§ TASK PROMPT: In the data below, begin at the line with "29748175_1670686022985850_49366174_o" and stop after the line with "初めての階段を上がり？？(^_^;)の画像"; output those lines exactly and no pictures.

§ GIVEN INFORMATION:
══════
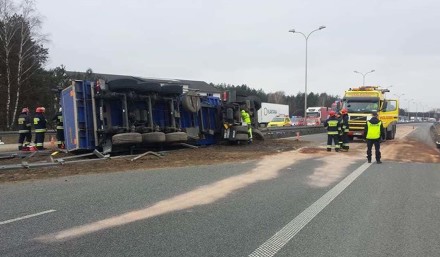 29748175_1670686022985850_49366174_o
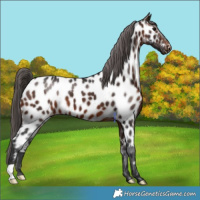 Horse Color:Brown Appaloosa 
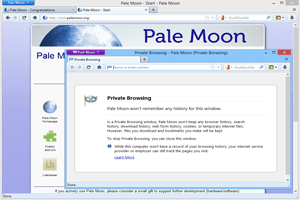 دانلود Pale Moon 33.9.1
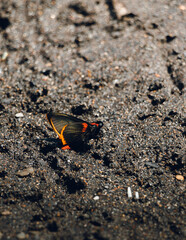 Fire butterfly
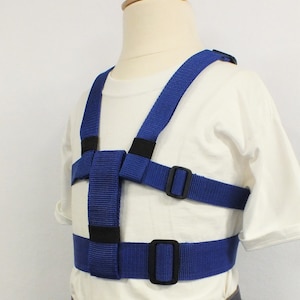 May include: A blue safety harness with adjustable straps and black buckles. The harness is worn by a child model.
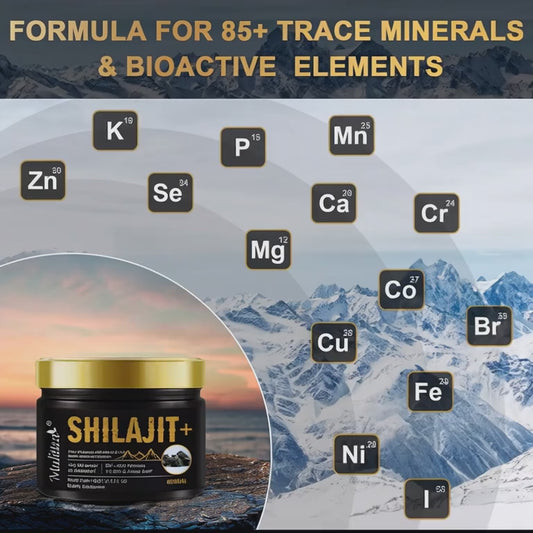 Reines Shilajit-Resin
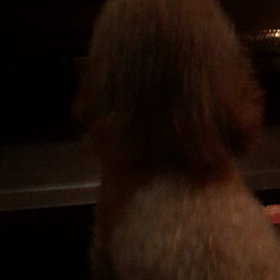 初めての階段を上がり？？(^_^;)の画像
══════
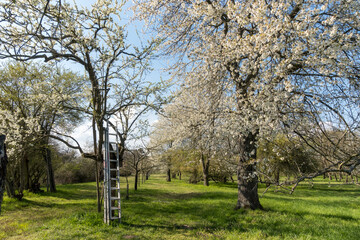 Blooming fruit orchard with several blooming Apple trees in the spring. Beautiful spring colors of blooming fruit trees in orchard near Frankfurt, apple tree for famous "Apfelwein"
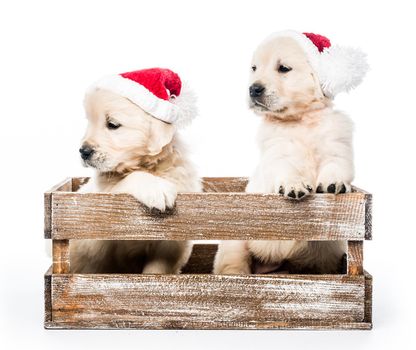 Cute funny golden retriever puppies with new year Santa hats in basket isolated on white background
══════
§ RESPONSE AREA:
 29748175_1670686022985850_49366174_o
 Horse Color:Brown Appaloosa 
 دانلود Pale Moon 33.9.1
 Fire butterfly
 May include: A blue safety harness with adjustable straps and black buckles. The harness is worn by a child model.
 Reines Shilajit-Resin
 初めての階段を上がり？？(^_^;)の画像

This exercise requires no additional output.